The first time I had spaghetti al pesto as a child I remember contemplating never eating any other kind of pasta sauce ever again. Obviously I was an irrational child and clearly that never happened, but pesto is still, hands down, my all time favourite sauce for pasta. We’ve had a little bit of a love affair going on for a while now…
Pesto by law of the Genovese is not to be cooked nor heated through – what a crime it would be! Instead, reserve a couple of tablespoons of the water in which your pasta has cooked in, add it to the pesto to loosen, then simply toss it with your beautiful al dente pasta.
But who likes rules? I say go pesto mad wherever and whenever possible in whichever way you want.

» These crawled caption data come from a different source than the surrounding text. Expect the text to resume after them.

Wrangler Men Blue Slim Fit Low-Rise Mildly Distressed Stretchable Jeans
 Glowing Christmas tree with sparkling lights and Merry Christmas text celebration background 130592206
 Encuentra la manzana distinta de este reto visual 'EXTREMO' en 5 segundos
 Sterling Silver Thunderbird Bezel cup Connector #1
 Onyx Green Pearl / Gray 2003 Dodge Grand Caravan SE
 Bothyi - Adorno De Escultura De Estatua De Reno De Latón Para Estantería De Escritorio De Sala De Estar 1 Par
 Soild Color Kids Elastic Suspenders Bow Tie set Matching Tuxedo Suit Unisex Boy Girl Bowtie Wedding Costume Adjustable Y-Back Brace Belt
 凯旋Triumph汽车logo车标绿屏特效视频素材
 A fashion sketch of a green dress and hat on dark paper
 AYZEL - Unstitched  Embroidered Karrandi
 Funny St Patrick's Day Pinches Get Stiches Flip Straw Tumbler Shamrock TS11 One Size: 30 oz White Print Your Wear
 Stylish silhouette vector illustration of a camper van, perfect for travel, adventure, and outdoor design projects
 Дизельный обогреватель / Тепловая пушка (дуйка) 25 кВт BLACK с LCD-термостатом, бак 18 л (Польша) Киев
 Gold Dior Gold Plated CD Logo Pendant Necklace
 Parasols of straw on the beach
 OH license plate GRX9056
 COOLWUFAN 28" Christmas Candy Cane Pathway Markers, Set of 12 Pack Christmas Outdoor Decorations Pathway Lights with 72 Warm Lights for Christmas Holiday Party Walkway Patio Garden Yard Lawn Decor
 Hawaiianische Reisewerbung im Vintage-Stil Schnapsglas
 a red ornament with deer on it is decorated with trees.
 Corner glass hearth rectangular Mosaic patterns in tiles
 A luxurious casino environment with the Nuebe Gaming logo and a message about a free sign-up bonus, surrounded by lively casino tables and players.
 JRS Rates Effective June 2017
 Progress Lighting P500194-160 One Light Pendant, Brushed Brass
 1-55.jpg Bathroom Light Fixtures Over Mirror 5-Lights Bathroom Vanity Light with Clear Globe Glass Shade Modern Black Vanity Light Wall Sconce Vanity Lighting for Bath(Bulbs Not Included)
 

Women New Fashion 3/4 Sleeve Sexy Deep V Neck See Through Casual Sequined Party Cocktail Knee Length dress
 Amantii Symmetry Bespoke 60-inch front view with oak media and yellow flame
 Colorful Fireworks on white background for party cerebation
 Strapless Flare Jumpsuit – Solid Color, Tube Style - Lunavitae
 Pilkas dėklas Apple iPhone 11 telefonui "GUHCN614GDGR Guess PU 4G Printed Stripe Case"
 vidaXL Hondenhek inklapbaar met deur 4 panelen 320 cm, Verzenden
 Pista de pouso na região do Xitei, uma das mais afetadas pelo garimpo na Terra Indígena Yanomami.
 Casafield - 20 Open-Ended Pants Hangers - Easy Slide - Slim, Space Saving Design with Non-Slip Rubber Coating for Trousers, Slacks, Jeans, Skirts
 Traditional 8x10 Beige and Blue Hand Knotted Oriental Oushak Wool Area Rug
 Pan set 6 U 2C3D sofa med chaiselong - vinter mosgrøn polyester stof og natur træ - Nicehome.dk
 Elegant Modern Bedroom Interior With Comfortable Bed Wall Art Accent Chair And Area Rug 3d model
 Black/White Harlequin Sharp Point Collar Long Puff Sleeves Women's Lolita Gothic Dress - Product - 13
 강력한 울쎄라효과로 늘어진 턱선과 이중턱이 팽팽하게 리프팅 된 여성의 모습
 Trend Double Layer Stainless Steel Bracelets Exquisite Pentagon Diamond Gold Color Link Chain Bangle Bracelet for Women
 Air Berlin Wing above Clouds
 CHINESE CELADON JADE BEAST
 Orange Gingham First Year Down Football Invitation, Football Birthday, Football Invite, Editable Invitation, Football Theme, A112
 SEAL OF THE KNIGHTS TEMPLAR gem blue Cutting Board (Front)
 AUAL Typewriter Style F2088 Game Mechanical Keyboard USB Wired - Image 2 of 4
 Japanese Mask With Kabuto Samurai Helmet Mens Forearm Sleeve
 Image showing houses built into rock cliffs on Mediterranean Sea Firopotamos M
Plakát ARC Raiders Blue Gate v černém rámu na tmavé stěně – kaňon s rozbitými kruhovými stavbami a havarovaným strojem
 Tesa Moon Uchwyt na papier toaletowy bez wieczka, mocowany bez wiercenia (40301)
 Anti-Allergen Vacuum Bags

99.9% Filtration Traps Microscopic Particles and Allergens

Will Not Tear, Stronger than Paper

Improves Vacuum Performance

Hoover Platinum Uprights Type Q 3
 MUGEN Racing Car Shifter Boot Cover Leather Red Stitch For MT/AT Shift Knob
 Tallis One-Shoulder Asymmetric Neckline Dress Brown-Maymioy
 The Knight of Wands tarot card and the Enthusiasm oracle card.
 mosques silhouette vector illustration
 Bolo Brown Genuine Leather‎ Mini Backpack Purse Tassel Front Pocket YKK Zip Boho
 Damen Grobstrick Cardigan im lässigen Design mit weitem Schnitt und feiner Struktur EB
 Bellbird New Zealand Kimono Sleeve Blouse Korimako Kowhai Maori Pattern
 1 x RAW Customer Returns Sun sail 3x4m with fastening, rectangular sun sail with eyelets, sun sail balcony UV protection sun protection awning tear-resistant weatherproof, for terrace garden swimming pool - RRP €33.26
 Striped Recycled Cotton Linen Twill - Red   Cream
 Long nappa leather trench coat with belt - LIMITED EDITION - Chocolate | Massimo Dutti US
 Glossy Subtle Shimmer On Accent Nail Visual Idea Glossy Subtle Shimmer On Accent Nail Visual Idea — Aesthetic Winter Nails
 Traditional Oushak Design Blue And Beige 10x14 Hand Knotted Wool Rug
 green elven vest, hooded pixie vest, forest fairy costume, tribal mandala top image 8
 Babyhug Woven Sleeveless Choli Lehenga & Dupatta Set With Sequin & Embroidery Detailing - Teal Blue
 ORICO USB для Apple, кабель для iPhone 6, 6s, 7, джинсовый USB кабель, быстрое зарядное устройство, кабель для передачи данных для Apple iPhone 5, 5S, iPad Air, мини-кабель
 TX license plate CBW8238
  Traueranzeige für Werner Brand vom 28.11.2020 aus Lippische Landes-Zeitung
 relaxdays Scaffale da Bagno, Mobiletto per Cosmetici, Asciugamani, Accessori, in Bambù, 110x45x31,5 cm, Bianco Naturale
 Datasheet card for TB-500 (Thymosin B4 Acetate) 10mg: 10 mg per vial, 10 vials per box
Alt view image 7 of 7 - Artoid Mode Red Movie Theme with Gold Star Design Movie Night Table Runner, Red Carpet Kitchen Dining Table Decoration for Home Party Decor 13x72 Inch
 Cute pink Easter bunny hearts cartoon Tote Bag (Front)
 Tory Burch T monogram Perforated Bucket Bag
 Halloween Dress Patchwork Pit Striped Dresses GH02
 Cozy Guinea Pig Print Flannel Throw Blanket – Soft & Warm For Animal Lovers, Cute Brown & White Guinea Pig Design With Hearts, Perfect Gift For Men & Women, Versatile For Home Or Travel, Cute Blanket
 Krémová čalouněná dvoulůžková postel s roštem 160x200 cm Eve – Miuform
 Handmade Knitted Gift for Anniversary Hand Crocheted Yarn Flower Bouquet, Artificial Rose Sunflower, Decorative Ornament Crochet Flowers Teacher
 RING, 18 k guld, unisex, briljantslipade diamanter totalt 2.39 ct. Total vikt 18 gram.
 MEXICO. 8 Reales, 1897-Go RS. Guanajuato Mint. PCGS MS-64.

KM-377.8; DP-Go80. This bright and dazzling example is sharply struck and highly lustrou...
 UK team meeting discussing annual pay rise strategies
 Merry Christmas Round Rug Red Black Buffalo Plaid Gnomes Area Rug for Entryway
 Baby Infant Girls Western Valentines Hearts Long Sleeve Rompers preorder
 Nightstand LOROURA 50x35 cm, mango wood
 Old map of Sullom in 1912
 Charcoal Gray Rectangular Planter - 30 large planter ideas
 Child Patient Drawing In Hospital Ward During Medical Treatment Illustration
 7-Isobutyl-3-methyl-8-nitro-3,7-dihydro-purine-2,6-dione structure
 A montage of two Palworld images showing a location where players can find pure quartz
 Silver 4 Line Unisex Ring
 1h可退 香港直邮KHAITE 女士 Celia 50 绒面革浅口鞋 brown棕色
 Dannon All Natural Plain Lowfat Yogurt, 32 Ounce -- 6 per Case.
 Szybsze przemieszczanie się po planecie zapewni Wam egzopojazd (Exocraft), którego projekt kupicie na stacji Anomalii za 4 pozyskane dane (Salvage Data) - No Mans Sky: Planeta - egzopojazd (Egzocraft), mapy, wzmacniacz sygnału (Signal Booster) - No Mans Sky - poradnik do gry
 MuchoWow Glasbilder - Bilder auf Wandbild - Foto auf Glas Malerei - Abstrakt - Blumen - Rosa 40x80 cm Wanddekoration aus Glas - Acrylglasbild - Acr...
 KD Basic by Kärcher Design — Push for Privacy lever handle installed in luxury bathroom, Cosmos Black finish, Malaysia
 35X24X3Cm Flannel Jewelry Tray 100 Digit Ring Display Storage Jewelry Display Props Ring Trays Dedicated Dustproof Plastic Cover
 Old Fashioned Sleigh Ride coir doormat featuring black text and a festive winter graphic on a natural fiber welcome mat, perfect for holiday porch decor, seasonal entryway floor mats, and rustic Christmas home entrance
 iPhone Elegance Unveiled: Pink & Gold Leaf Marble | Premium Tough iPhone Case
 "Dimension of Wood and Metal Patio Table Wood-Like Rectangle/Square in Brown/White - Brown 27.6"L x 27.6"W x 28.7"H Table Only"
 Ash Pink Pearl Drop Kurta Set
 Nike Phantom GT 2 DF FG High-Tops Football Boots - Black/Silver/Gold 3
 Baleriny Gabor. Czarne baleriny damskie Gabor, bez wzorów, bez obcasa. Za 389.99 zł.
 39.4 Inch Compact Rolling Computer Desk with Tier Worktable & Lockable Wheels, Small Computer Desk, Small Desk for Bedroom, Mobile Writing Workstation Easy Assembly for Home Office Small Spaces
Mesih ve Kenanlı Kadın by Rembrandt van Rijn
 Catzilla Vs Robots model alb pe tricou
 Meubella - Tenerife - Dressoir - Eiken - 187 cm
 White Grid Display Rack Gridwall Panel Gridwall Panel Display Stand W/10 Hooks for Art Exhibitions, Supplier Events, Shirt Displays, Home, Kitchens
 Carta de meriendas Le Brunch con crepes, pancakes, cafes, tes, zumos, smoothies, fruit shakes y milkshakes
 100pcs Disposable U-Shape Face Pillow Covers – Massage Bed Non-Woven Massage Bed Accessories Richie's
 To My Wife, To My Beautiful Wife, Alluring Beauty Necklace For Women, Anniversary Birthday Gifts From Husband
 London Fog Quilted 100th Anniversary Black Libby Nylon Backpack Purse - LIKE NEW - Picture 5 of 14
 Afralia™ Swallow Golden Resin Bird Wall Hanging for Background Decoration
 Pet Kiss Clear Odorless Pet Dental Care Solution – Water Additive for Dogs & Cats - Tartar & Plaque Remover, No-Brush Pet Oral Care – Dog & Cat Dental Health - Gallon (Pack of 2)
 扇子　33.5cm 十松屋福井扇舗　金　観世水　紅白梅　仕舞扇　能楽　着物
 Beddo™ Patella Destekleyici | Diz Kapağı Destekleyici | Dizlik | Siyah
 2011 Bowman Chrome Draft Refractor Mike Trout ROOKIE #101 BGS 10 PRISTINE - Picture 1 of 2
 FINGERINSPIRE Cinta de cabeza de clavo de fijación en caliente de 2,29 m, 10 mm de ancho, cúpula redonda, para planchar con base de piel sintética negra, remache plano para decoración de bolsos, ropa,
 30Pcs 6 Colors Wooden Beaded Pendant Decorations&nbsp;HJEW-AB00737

Recipe adapted from Marcella Hazan
- Roughly 100g fresh basil leaves, rinsed with cold water
- 2 cloves of garlic, roughly chopped with salt
- 3 tablespoons pine nuts
- 2 tablespoons walnut halves
- 50g fresh parmigiano reggiano, finely grated
- 25g fresh pecorino romano, finely grated
- 8 tablespoons good quality extra virgin olive oil
- 40g butter, room temperature
In a food processor add the basil leaves, garlic, pine nuts, walnuts, olive oil and a generous seasoning of salt and pepper and blend to a creamy consistency.
Transfer to a bowl and by hand mix in the two cheeses until fully incorporated, then stir in the softened butter until is it distributed evenly throughout.
Makes around 400g of seductive pesto.
Note: To store your pesto pour roughly ½cm of olive oil on top to prevent oxidation and discolouration. It should keep for around 1 week in the fridge. Bring to room temperature before use in order to re-soften the butter.